The Law is the Law

I was the first full time employee at Ola, back in 2011 when we started off, with a mission to build mobility for a billion Indians. I personally take immense pride in what we have created over the last five years – as a service for the citizens of this country and a livelihood platform for hundreds of thousands of micro entrepreneurs who work with us as driver-partners.

Over the past couple of days, there has been an irrelevant debate around organizations operating in the country being national or international. Isn’t a company like Alibaba, run by a local entrepreneur like Jack Ma, ‘Chinese,’ despite having a majority of its shareholding from international investors? Aren’t the cutting edge technology solutions, high value jobs and Internet ecosystem that Alibaba has built, invaluable assets for China?

It is a shame that our competition has to fan a debate of nationalism to hide their identity of being a multi-national, with serial violations of law as a business strategy, not just in India, but globally. This debate in our view is not about foreign vs. local but who is respectful of the local laws and who is disrespectful.

It is the onus of the business that brings in transformative technology, to work with the Government and evolve the ecosystem further in a partnership mode. It is only detrimental to the nation’s interests to take a confrontational approach. As a matter of principle, Ola has always taken an approach of working in partnership with the Government. Here are some examples where a local company Ola has partnered with the Government, even at a serious business expense to itself.

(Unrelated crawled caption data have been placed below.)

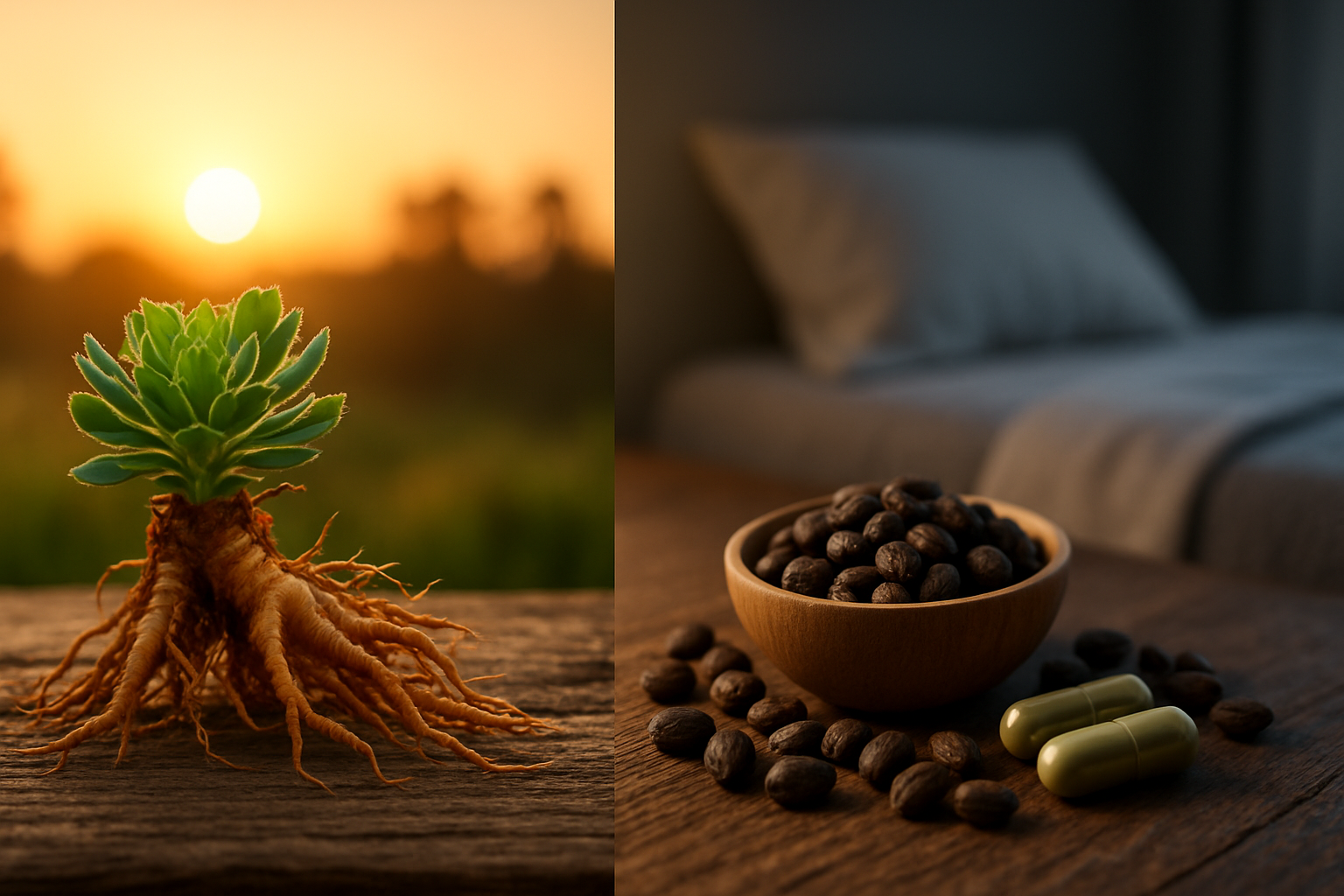 Peut-on prendre rhodiola et griffonia en même temps Un guide complet - 1.jpg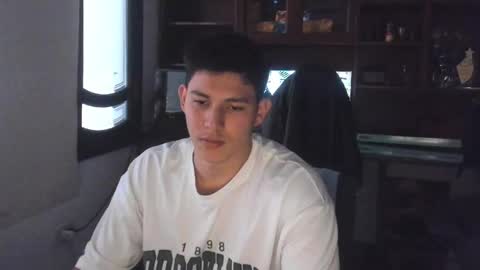 james_cr online show from January 21, 3:32 pm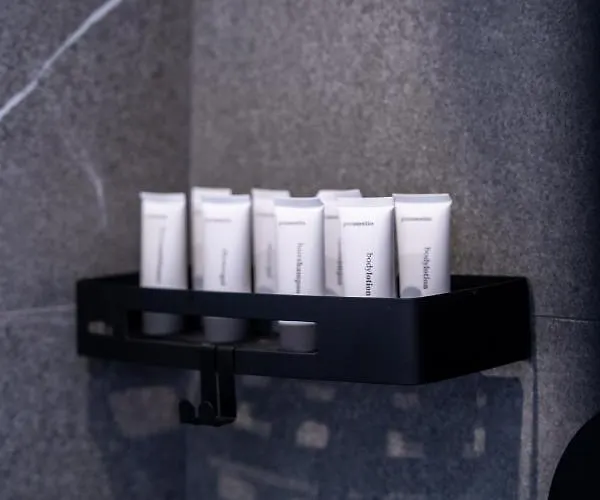 Island Sea Side - Adults Only 酒店 3*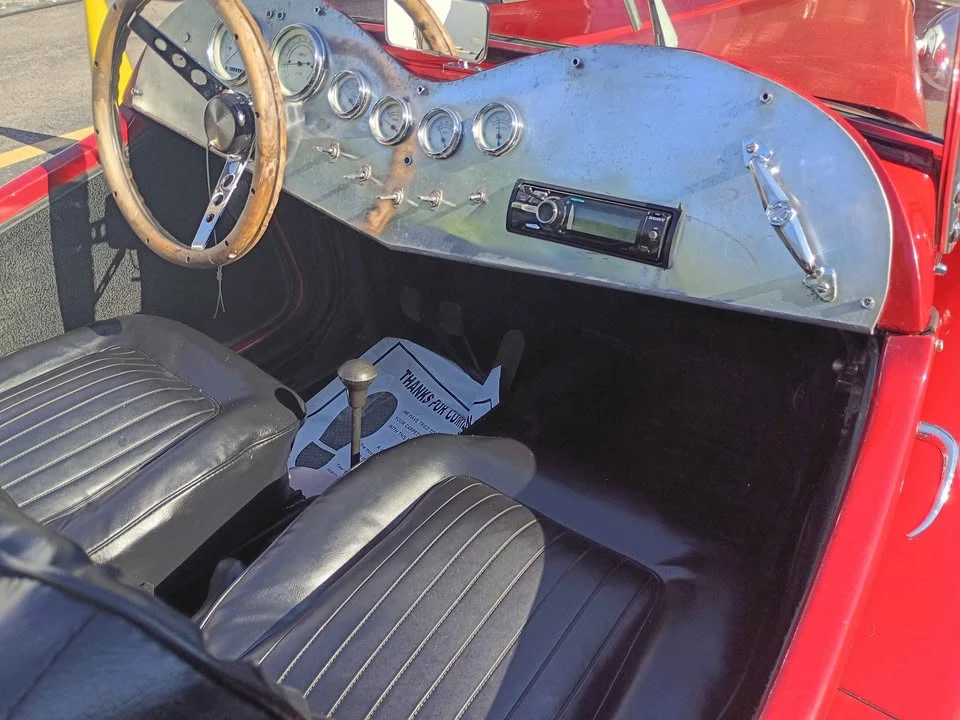 1970 MG - Image 4 of 11
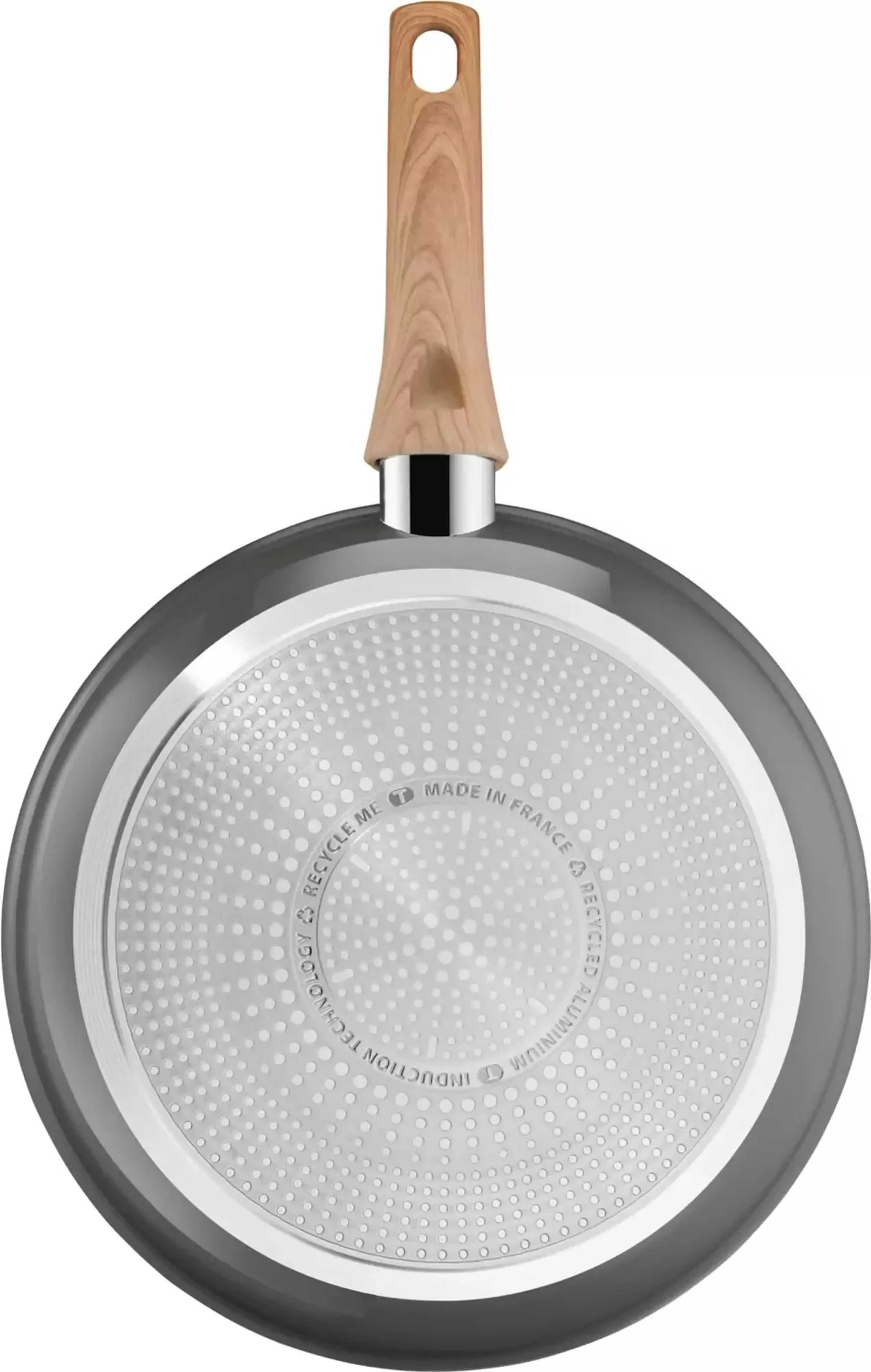 Tefal Braadpan Renew - Ø30 cm image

In a city like Gurgaon, bike taxis can be run legally with commercial yellow plated vehicles. Ola Bike in Gurgaon chose to operate within this regulatory framework. Inspite of having an opportunity to conduct business legally, our competition chose to run on private white number plates, illegally. They continue to operate this service, even today as you read this, inspite of receiving multiple notices and seizures of hundreds of vehicles by the local authorities, also terming it as aiding and abetting an organized crime. Similarly, they continue to operate white number plate cars under their ‘Commute’ offering. As a conscientious company, Ola has made the choice to work within the regulatory framework, despite the significant supply disadvantage.

When competition entered in India, they launched with a ‘card on file’ payment system. This was in gross violation of RBI regulations, yet they continued this for more than a year, fully knowing the violation, and it took an ultimatum from the Governor of the RBI to make them fall in line.  Ola, respecting the law of the land chose not to do this and had to face significant business disadvantage of customers moving away and loss of market-share for over a year.

Similarly, during the Delhi Diesel ban, Ola committed to 100% CNG adoption of vehicles within the state proactively. On the other hand, even after the High Court Orders came into effect, competition chose to continue plying diesel vehicles with absolute disregard for the state and the court of law, until a contempt petition forced them to cease and desist.

From our origins in a 1BHK apartment in Mumbai that Bhavish, Ankit and I shared, Ola has built its business on the strong foundation of creating value for society. And reposing its faith in the institutions of the judiciary and government.

I and each one of my colleagues, here at Ola will continue to work towards our mission of building mobility for a billion Indians, till it is achieved. 

Pranay Jivrajka is the Chief Operating Officer at Ola.